Autor do projeto de lei que foi aprovado na Câmara, o vereador Gilberto Natalini (PV) diz que o próximo passo agora é negociar.

"Não queremos tomar a terra de ninguém. Queremos conversar para propor uma troca. No caso do parque Augusta, as empresas até tiveram vantagem", afirma.

Reportagem da Folha de S.Paulo mostrou que as empreiteiras Cyrela e Setin conseguiriam até R$ 95 milhões de lucro ao doar o terreno do parque Augusta para o poder público e ficar com os créditos de potencial construtivo.

"Uma terceira via, além da transferência do direito de construir ou de dar outros terrenos, seria um arroubo de generosidade do Silvio Santos, que poderia doar o espaço para a cidade", acrescenta.

Natalini ressalta que o projeto é autorizativo, ou seja, caso sancionado, apenas permite a construção do parque por parte da prefeitura, sem a obrigação de executá-lo.

"Mas se o Bruno Covas vetar, mata o projeto na raiz". Secretários próximos a Covas acreditam que a tendência é de sanção do projeto.

A resolução do imbróglio referente ao parque Augusta foi bastante alardeada por João Doria (PSDB), ex-prefeito e atual governador, e Bruno Covas.

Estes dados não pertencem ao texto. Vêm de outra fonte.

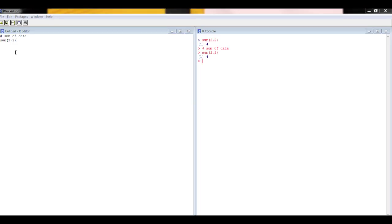Instead of putting data in these brackets you can put what's called an object which you've put the data in, and I'll show you how to create objects in the entering data video. OK that's about it as an introduction to R.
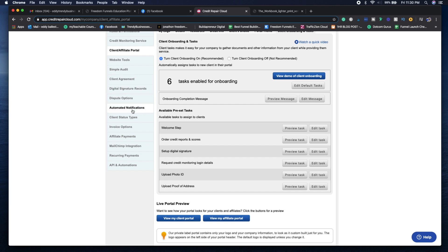Automated notifications, client status updates - that's going to have to do with Zapier. You're going to want to make sure that you have automations in place so you're not doing everything manually and wasting precious time when you could be getting more clients.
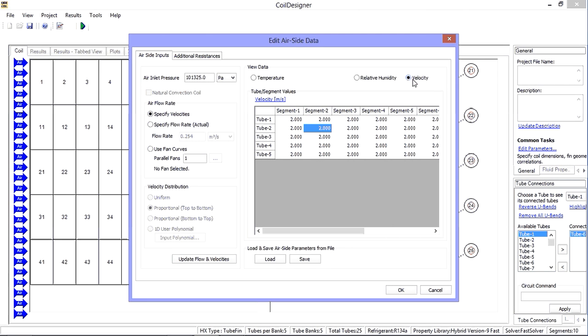For velocity in particular, there are several additional options. Rather than enter values for each individual segment, you can have Coil Designer calculate the air flow for you based on some additional detail.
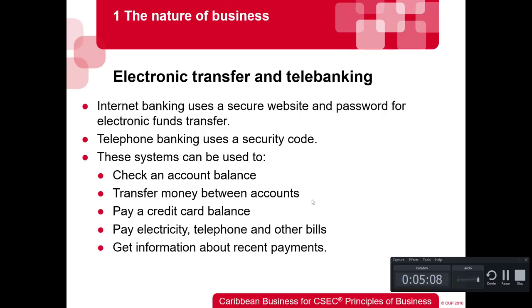These systems can be used to check account balances, transfer money between accounts, pay a credit card balance, pay electricity, telephone, and other bills, and get information about recent payments. The more popular option today is electronic transfer — online banking — where you can control your funds, move money between accounts, or transfer from your main savings account to a debit card account before making a purchase, which can be safer.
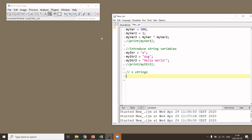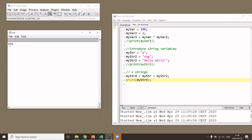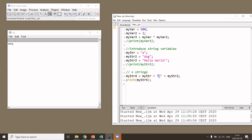When you use the plus sign with strings, the strings are concatenated — glued together — rather than added numerically. For example, 'a' plus 'dark' gives 'adark' with no space. To add a space, you can glue together the first string, plus a string containing only a space, plus the second string. Running this gives 'a dark' with a space between the words.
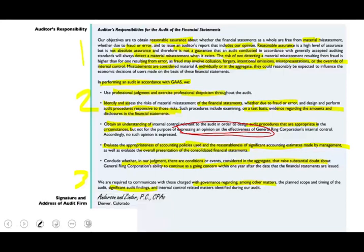The seventh part of the audit report is the signature and address of the audit firm — for example, Anderson and Zinder PC CPA, and the city where they are located. It's the name of the firm rather than the name of the individual, because technically the firm is responsible, not the individual that conducted the audit.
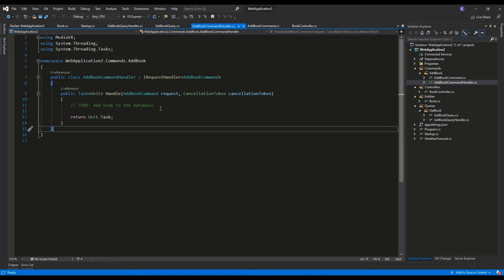This is the basic example of using commands and queries with MediatR and how we can implement the CQRS pattern in C# using this library. I hope you understood the concept and I hope to see you soon.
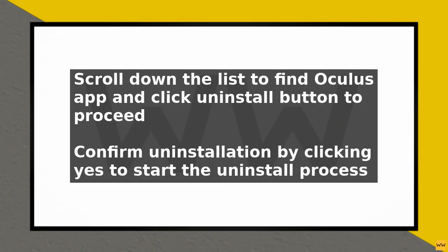Once the uninstall process is complete, you will see a confirmation message. Click OK to close the window.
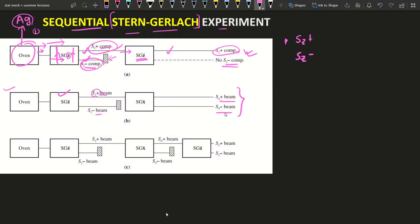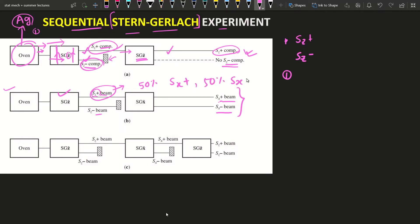You may think of one reason for this: the Sz plus beam is composed of 50% sx plus and 50% sx minus simultaneously with Sz plus. These two beams have only the Sz plus component — there is no Sz minus component because it is already blocked. We can think of these two beams as each consisting of 50% of the sx component.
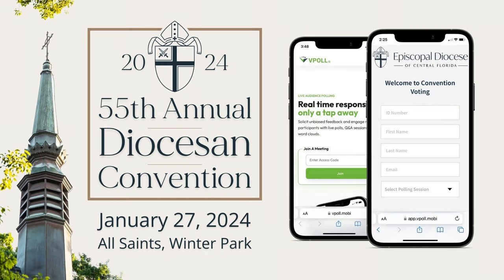This brief tutorial will walk you through how to use vPoll to conduct electronic voting during the 55th Annual Diocesan Convention on January 27, 2024, at All Saints Episcopal Church in Winter Park. We'll start with logging into vPoll and then demonstrate how to vote.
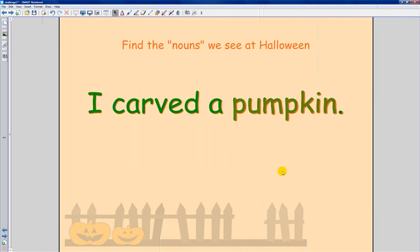They would come up and touch the word pumpkin, and if it started to flash, they knew that they had the correct answer. Instant feedback, very good.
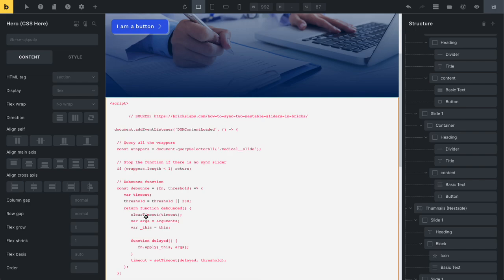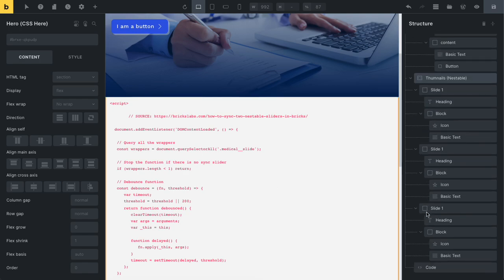I will show you how to enable code executions. If you download one of my templates and you see this code and you don't know what to do, you only need to activate code executions.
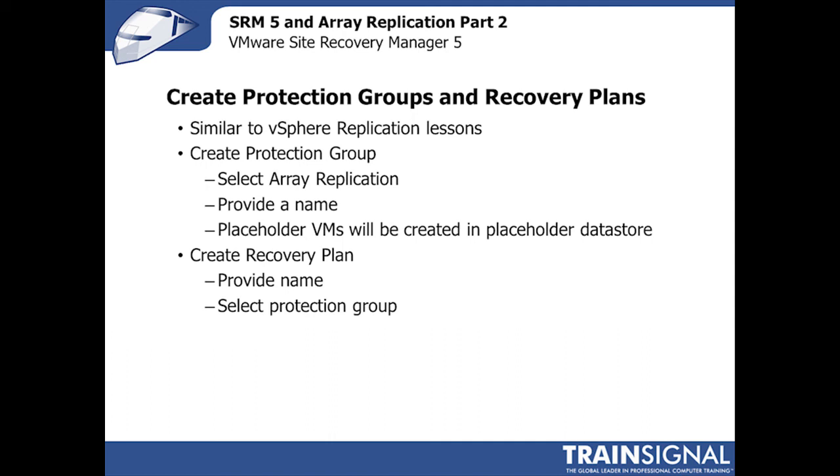So with that, let's go ahead and dive into the demo for this simple section, and I'll show you how you can create a protection group and a recovery plan using array replication.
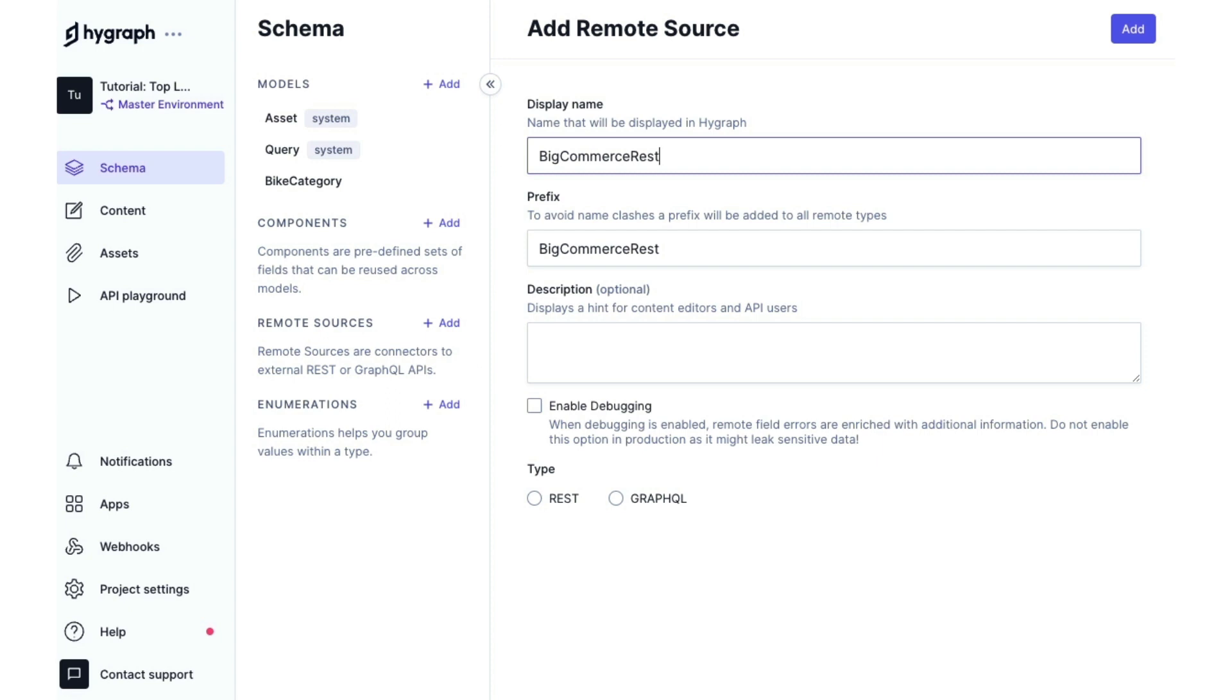Now, GraphQL APIs offer the best flexibility and experience. However, not all APIs are GraphQL. In this case, BigCommerce has a REST API. But the great thing about remote sources in HiGraph is that it also converts REST-based APIs into GraphQL.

Eles exaltavam a capacidade de negociação da gestão municipal.

Em ano eleitoral, desatar o nó de mais um problema na região central da cidade e conseguir lançar a pedra fundamental de mais um parque poderia ser vantajoso politicamente para o tucano, que buscará a reeleição.

O projeto do Grupo Silvio Santos chegou a ser aprovado pelos três órgãos de patrimônio, Conpresp (Conselho Municipal de Preservação do Patrimônio Histórico, Cultural e Ambiental da Cidade de São Paulo), Condephaat (Conselho de Defesa do Patrimônio Histórico, Arqueológico, Artístico e Turístico) e Iphan (Instituto do Patrimônio Histórico e Artístico Nacional).

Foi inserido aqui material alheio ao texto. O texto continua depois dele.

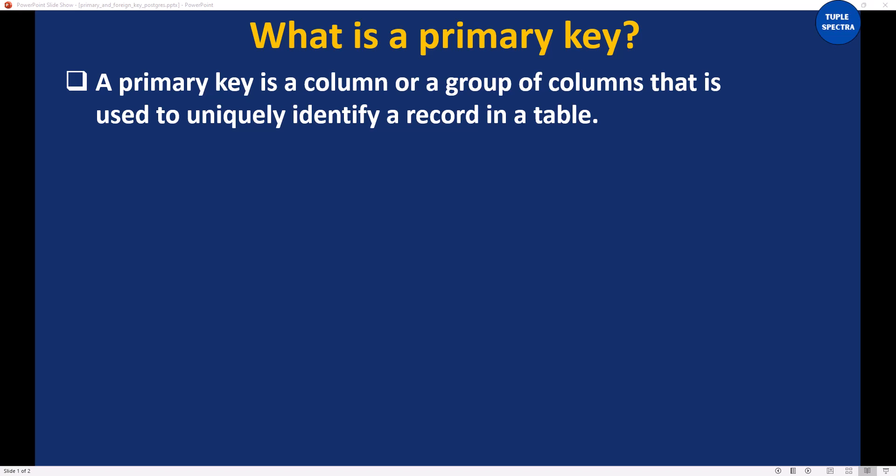What is a primary key? A primary key is a column or a group of columns that is used to uniquely identify a record in a table. Take note of that — it is used to uniquely identify a record in a table.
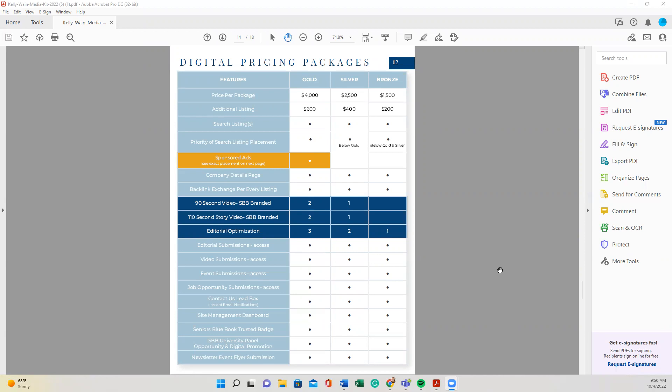The purpose of this video is just to kind of go over your digital package, give you a brief synopsis, and then we will have some additional resources and videos going through all of these things in detail. But this is just to give you an idea as to what's included and what you can do to make the most of your package.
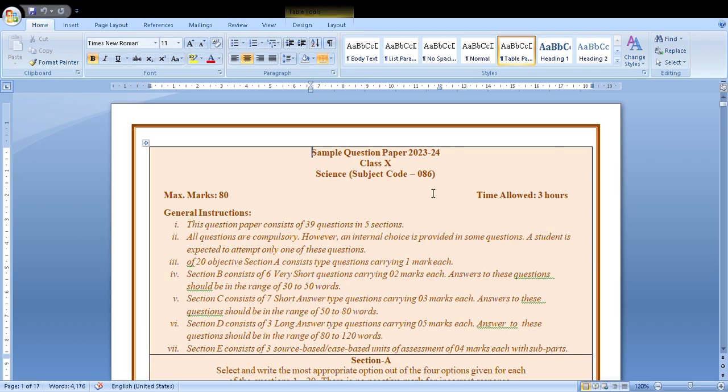Hello students, today we are going to discuss the sample papers given by the CBSE for the session 2023-24. The subject is Science. Now as you are familiar with the general instructions, five sections will be there: 20 objective questions, then very short 6 questions.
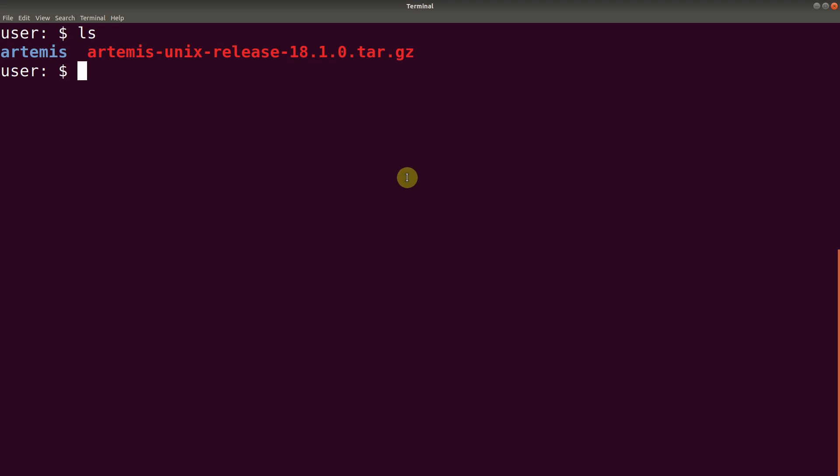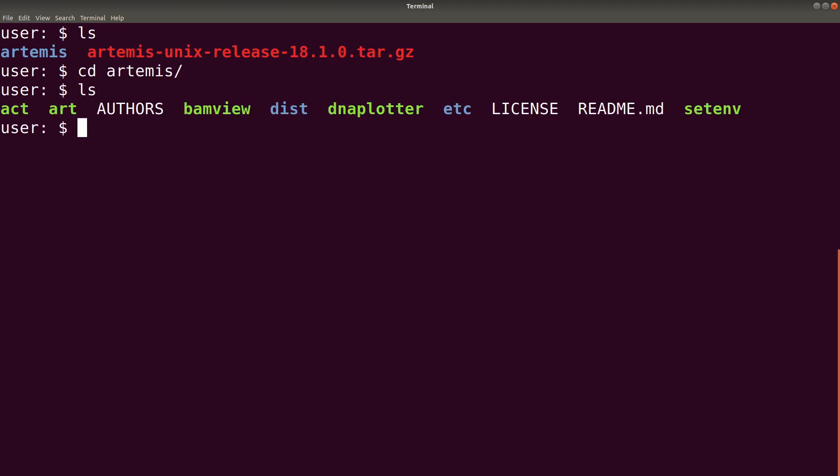Again, I repeat. In order to run the binary files, you need to make sure you have Java installed. So we can navigate to that directory. When you do an ls, you'll find the binary files there.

Segundo especialistas contratados pelo teatro, a obra prejudicaria o local, que é tombado desde 2010 pelo patrimônio histórico em grau municipal, estadual e federal.

Defensores do parque afirmam que, com a construção dos condomínios, o Teatro Oficina teria luz natural por apenas duas horas por dia. 

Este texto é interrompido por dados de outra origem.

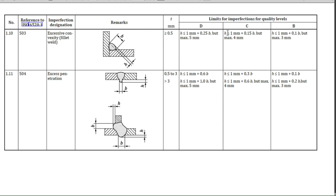For quality level C, the height should be less than or equal to 1 mm plus 0.15 times b, but maximum will be 4 mm. For quality level D, height should be less than or equal to 1 mm plus 0.25 times b, but maximum will be 5 mm. These are the acceptance criteria for excessive convexity in fillet welds.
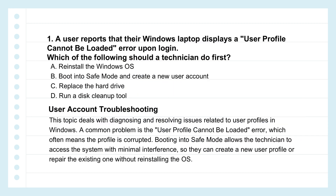Let's jump into the first one. A user's frantic — their Windows laptop hits them with a 'user profile cannot be loaded' error when they try to log in. The question asks for the first step. Options are: A, reinstall Windows entirely; B, boot into safe mode and create a new user account; C, replace the hard drive; or D, run disk cleanup.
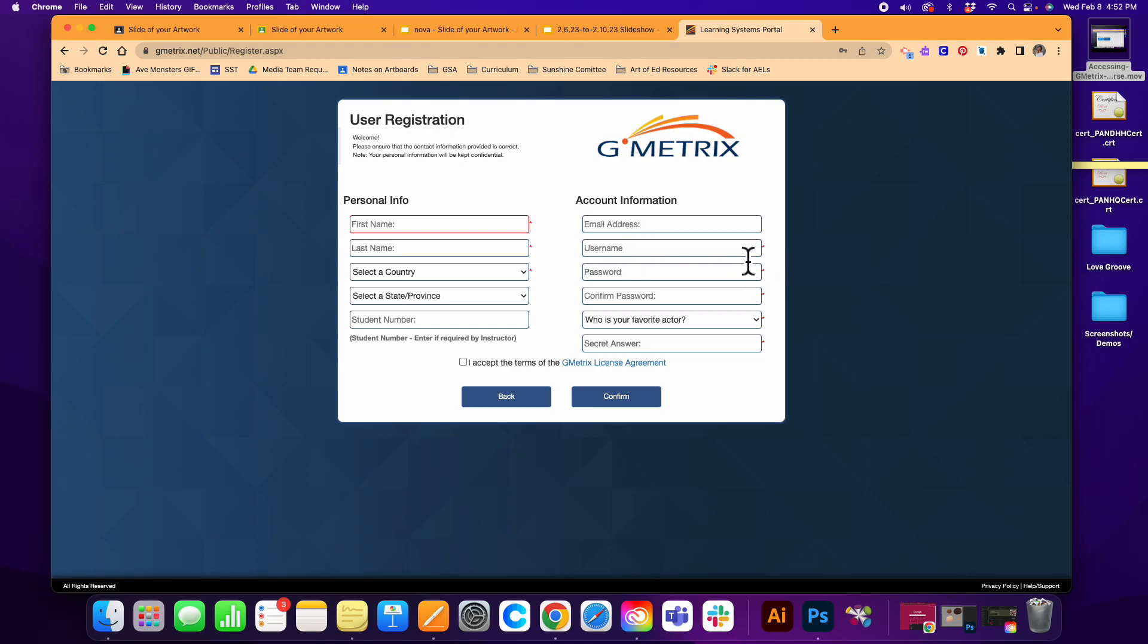You are going to need a username that is unique to you, and so if you get a warning message that pops up right here in red that tells you that the username is taken, go ahead and try to come up with a different one.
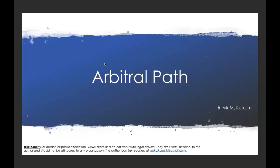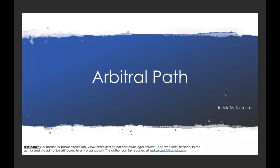When a client comes to you with a problem, you identify that there is an arbitration clause in the agreement. Apart from reading the contract and understanding the parties' rights and obligations, the client will ask what kind of relief they can get, because commencing arbitration will take some time. So the first thing to consider is whether the client requires any interim or urgent reliefs so that rights are not violated or affected in an adverse manner.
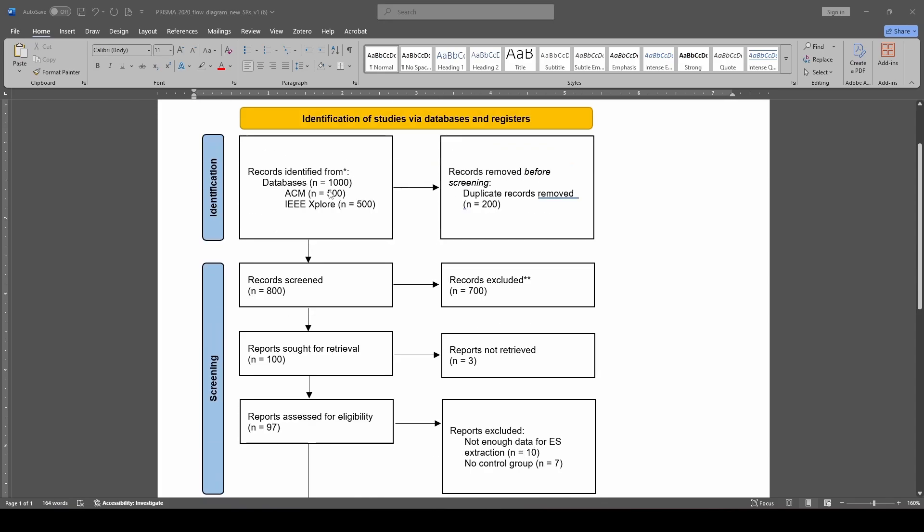So we're going to start in the top left here, the records identified from. Typically speaking, this is going to include databases. So what I would typically do is list the overall number that I found in databases total, and then the number from each individual database that was searched.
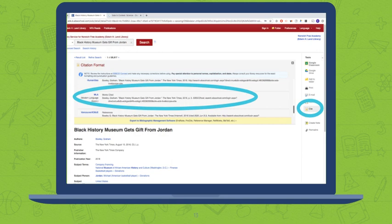Notice that one part of the works cited entry is missing, and that's the access date. Make sure you double-check the works cited entry that you pull using this trick. Do not assume it's always 100% correct.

O projeto previa mil apartamentos com mil vagas de garagem e alguns andares de subsolo, que poderiam atingir não só o rio que corre abaixo do terreno, mas o lençol freático que está a quatro metros do solo.

No entanto, nunca foi levado adiante devido ao impasse que, inicialmente, era apenas com o Teatro Oficina, mas que nos últimos anos passou a envolver diversas instituições da região do Bexiga e vereadores da cidade que defendem a instalação do parque, como Natalini e também Eduardo Suplicy (PT-SP).

Em outubro de 2017, Doria intermediou uma reunião entre Zé Celso e Silvio Santos para tentar encontrar uma solução. Na ocasião, o apresentador de TV enfatizou que, apesar de ser rico, não daria como auxílio um terreno pelo qual tinha gastado dinheiro. E brincou que colocaria lá a "drogalândia [cracolândia]" e que "o drogado" que mais se destacasse no dia ganharia um prêmio.

Não houve acordo na reunião. Um dia depois, Zé Celso acusaria Silvio de oferecer a ele uma espécie de propina de R$ 5 milhões para desistir do terreno. O dono do SBT nunca se manifestou sobre a acusação.

Procurado pela reportagem, o Grupo Silvio Santos não se manifestou sobre a aprovação do projeto na Câmara ou a evolução das tratativas.